Станислав Лем. Должен признаться, что усилия, которые я вложил в написание этой книги, не сравнятся с усилиями по написанию никакой другой. И при этом у меня все-таки остается ощущение некоторой недостаточности, особенно во второй части, хоть я и пытался замаскировать это послесловием. Там я допустил, чтобы в адрес Голема прозвучали оскорбления и обвинения; чтобы его бездонные откровения оскорбительно именовались параноидальным бредом распадающегося монстра разума. Это был прием, который должен был лучше обезопасить мои фланги.
— Должен вам сказать, что в черновиках остались фрагменты нескольких лекций и целая лекция Голема, посвященная математике. Однако я очень скоро заметил, что здесь есть некоторая несоразмерность, которая заключается в том, что моя компетенция в области самых ярких проявлений современной математики недостаточна, а с другой стороны, при всей своей недостаточности она будет совершенно неудобоваримой для очень многих. Появление таких лекций создало бы дихотомию: для выдающихся математиков предложенное будет недостаточным, а для всех остальных читателей — совершенно непонятным. Это такая шутка чертовой герменевтики, что я не отважился отправить написанное в печать, впрочем, еще неизвестно, стал бы издатель это публиковать. Как видите, чувство приличия мне не совсем чуждо, не говоря уж об умеренности и жалости по отношению к читателям. Кроме того, у меня есть глубокое чувство, что дело уже закончено и возвращаться к нему не следует.
— Думаю, что если бы я даже смог поместить другие лекции Голема между первой и последней, это было бы лишним. Не только из-за моей недостаточной компетенции и опасения, что это окажется непонятным для всех, кроме микроскопической горстки специалистов, но прежде всего из-за чисто интуитивного, ничем не обоснованного ощущения. Это случается иногда, когда я пишу книги: достаточно, написал все, что хотел сказать. Нужно уметь сказать себе: конец! Нехорошо ковырять поле, которое уже вспахано.

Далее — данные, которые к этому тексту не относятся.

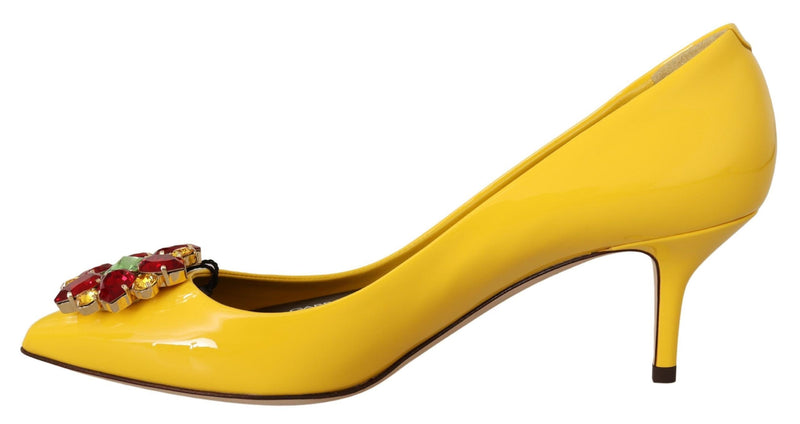 Yellow Patent Leather Crystal Heels Pump Shoes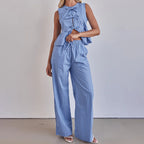 Striped Vest round Neck Bow Sleeveless Top Loose Wide Leg Pants Two Piece Set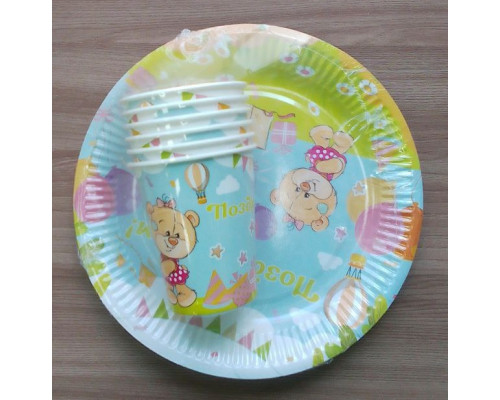 Набор посуды "Мишки" (стакан 250мл 6шт+тарелка 180мм 6шт)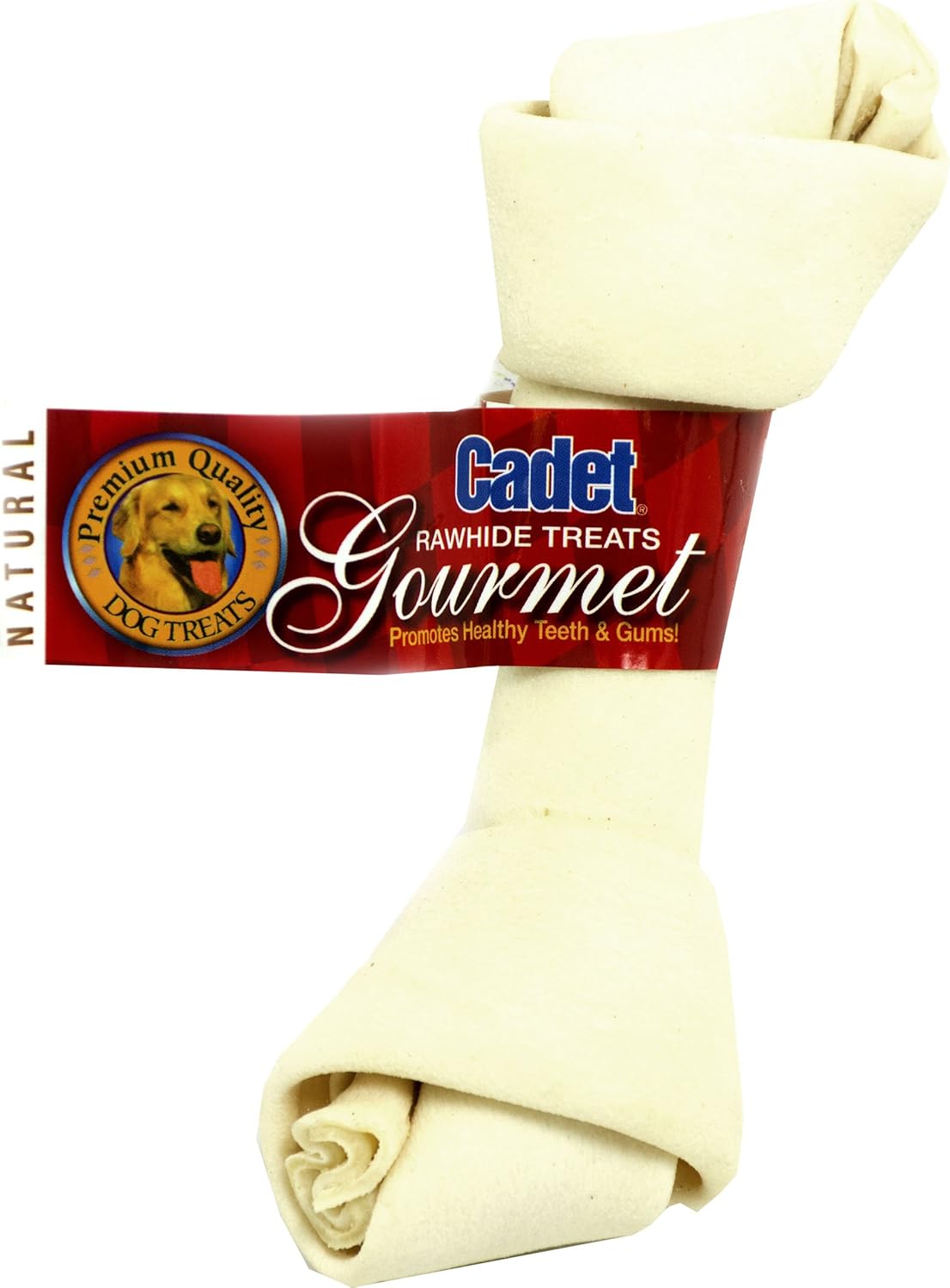 Cadet 6-7" Beef Hide (Rawhide) Knotted Bone Dog Treats & Chews
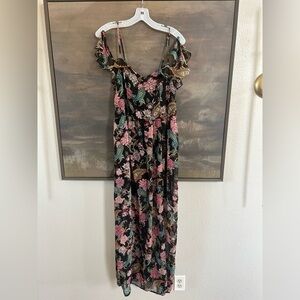 Xhilaration Floral Maxi Dress - Black, Pink, Green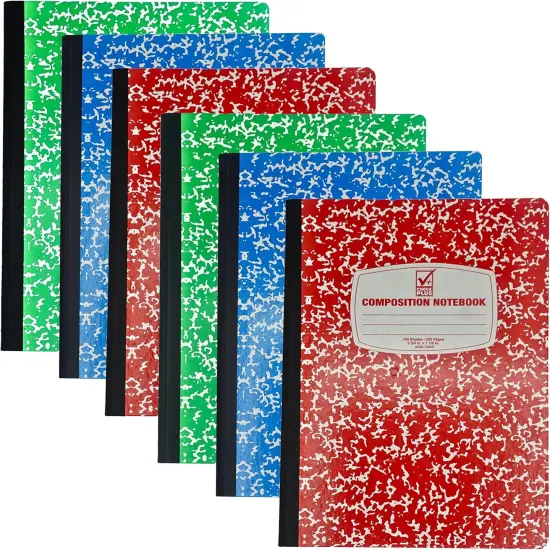 4E's Novelty Wide Ruled Composition Notebooks - Pack of 6- Hard Cover 100 Sheets 9.75" x 7.5" - Red Blue Green Cute Marble Colors, Bulk Compositon Book Wide Ruling, Back to School Supplies {1}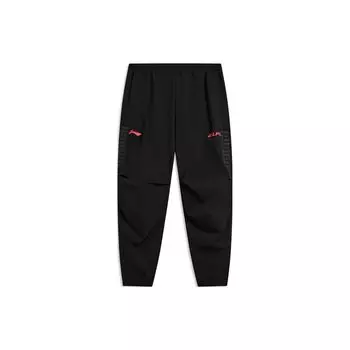 Мужские спортивные штаны Li Ning Sports Lifestyle Series с буквенным принтом, свободные трикотажные штаны, черные AYKT573-1 M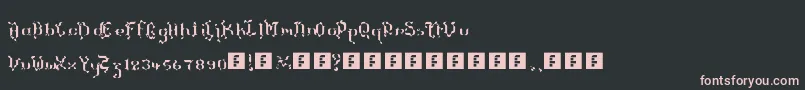 TheTerrifficKerganogggg-fontti – vaaleanpunaiset fontit mustalla taustalla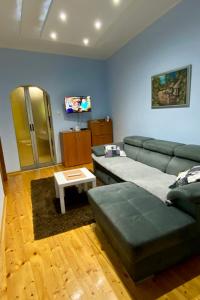 uma sala de estar com um sofá e uma mesa em Apartman Down Town em Sremska Mitrovica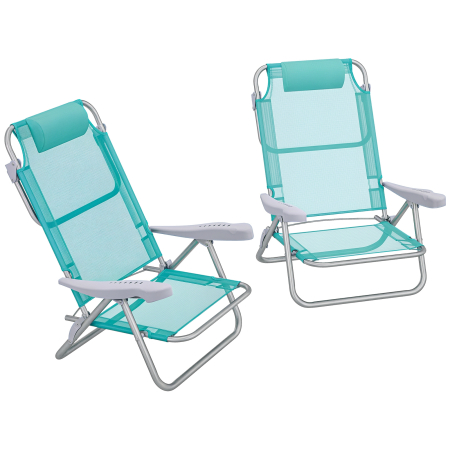 Prelate, pavilioane, umbrele terasa -  Set 2 Scaune de Camping Pliabile cu Tetiera Captusita si Spatar Reglabil in 6 Pozitii, 62x65x80 cm, Albastru
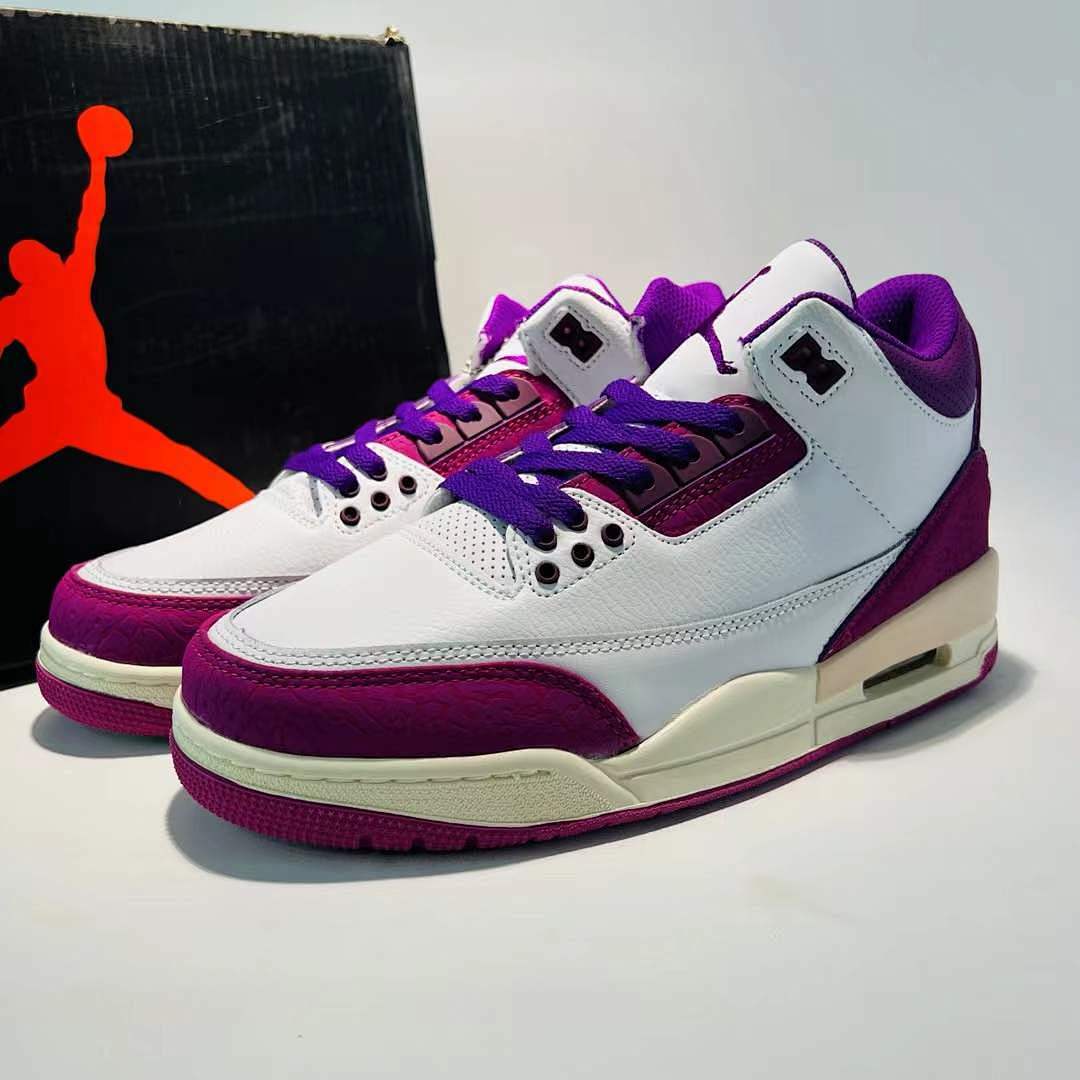 Nike Air Jordan 3 Retro Dark Iris White Purple Magenta CT8532-105 Men's Sneakers Shoes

— Не без некоторых оговорок, но в принципе — да. Хочу сказать, что некоторые вещи я должен был сделать так, как сделал, потому что мне нужны были чисто сценические эффекты. Ведь я должен был создать в этой книге впечатление большего разума, чем тот, которым я располагаю на самом деле. Кроме того, некоторые вопросы, которые были для меня не совсем ясны, в повести ловко спрятаны.
Когда кто-то берется излагать свое мировоззрение, делать это следует абсолютно добросовестно и честно признаваться: это я знаю, этого не знаю; здесь у меня сомнения, здесь никаких сомнений. Такая принципиальная разбивка поля повествования для меня, как автора, была невозможна, так как я должен был предполагать, что если Голем о чем-то не говорит людям, то потому, что не хочет, или потому, что оно столь мудреное, что этого никто не поймет.
В общем, скажу так: в вопросе о случайности происхождения человека многое из того, что провозглашает Голем, совпадает с моими убеждениями, при том, однако, что написано это с излишней высокопарностью. Голем утверждает, что нужно полностью отбросить чувственную жизнь человека, вместе с основами Евангелий. Я, конечно, так не считаю. Голем является адвокатом концепции, гласящей, что человек должен «отбросить человека», чтобы он смог стать более симпатичным и мудрым существом. Конечно, такую программу я никогда не провозглашал, и вообще всерьез это делать не стоит. Также и тезис об отношении наследственного кода к отдельным личностям и видам, которые, по Голему, являются всего лишь усилителями этого кода, — это и мой тезис, но в его изложении много претенциозности. Здесь видны своеобразная поляризация и перемещение позиций, тем не менее некоторые утверждения Голема — это мои утверждения.